Patrick Altmeyer

Posted on Dec 14, 2022 • Originally published at towardsdatascience.com on Dec 14, 2022

Conformal Prediction Intervals for any Regression Model

#machinelearning #conformalprediction #julia #regression

Conformal Prediction in Julia — Part 3

This is the third (and for now final) part of a series of posts that introduce Conformal Prediction in Julia using ConformalPrediction.jl. The first post introduced Conformal Prediction for supervised classification tasks: we learned that conformal classifiers produce set-valued predictions that are guaranteed to include the true label of a new sample with a certain probability. In the second post we applied these ideas to a more hands-on example: we saw how easy it is to use ConformalPrediction.jl to conformalize a Deep Learning image classifier.

In this post, we will look at regression problems instead, that is supervised learning tasks involving a continuous outcome variable. Regression tasks are as ubiquitous as classification tasks. For example, we might be interested in using a machine learning model to predict house prices or the inflation rate of the Euro or the parameter size of the next large language model. In fact, many readers may be more familiar with regression models than classification, in which case it may also be easier for you to understand Conformal Prediction (CP) in this context.

📖 Background

Before we start, let’s briefly recap what CP is all about. Don’t worry, we’re not about to deep-dive into methodology. But just to give you a high-level description upfront:

Conformal prediction (a.k.a. conformal inference) is a user-friendly paradigm for creating statistically rigorous uncertainty sets/intervals for the predictions of such models. Critically, the sets are valid in a distribution-free sense: they possess explicit, non-asymptotic guarantees even without distributional assumptions or model assumptions.

Angelopoulos and Bates (2021) (arXiv)

Intuitively, CP works under the premise of turning heuristic notions of uncertainty into rigorous uncertainty estimates through repeated sampling or the use of dedicated calibration data.

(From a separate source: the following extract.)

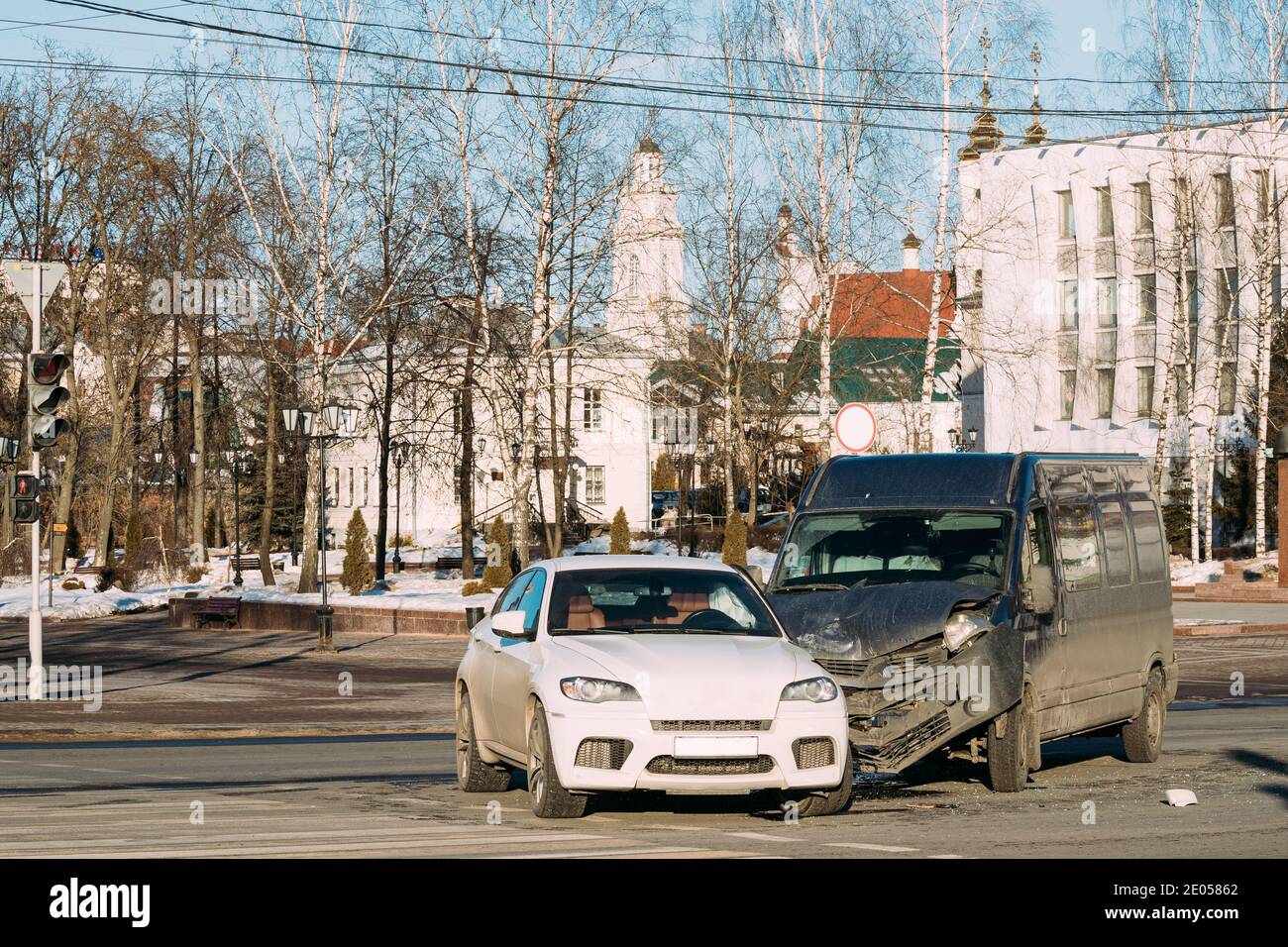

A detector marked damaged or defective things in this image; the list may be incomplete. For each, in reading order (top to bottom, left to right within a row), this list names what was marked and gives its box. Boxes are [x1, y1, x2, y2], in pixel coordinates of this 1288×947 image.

broken windshield [769, 511, 1007, 590]
broken headlight [939, 614, 987, 650]
damaged black minibus [761, 452, 1173, 792]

In what follows we will explore what CP can do by going through a standard machine learning workflow using MLJ.jl and ConformalPrediction.jl. There will be less focus on how exactly CP works, but references will point you to additional resources.

💡💡💡 Interactive Version

This post is also available as a fully interactive Pluto.jl 🎈 notebook: click here. In my own experience, this may take some time to load, certainly long enough to get yourself a hot beverage ☕ and first read on here. But I promise you that the wait is worth it!

📈 Data

Most machine learning workflows start with data. For illustrative purposes we will work with synthetic data. The helper function below can be used to generate some regression data.

function get_data(;N=1000, xmax=3.0, noise=0.5, fun::Function=fun(X) = X * sin(X))
    # Inputs:
    d = Distributions.Uniform(-xmax, xmax)
    X = rand(d, N)
    X = MLJBase.table(reshape(X, :, 1))

    # Outputs:
    ε = randn(N) .* noise
    y = @.(fun(X.x1)) + ε
    y = vec(y)
    return X, y
end

Figure 1 illustrates our observations (dots) along with the ground-truth mapping from inputs to outputs (line). We have defined that mapping f: 𝒳 ↦ 𝒴 as follows:

f(X) = X * cos(X)

Figure 1: Some synthetic regression data. Observations are shown as dots. The ground-truth mapping from inputs to outputs is shown as a dashed line. Image by author.

🏋️ Model Training using MLJ

ConformalPrediction.jl is interfaced to MLJ.jl (Blaom et al. 2020): a comprehensive Machine Learning Framework for Julia. MLJ.jl provides a large and growing suite of popular machine learning models that can be used for supervised and unsupervised tasks. Conformal Prediction is a model-agnostic approach to uncertainty quantification, so it can be applied to any common supervised machine learning model.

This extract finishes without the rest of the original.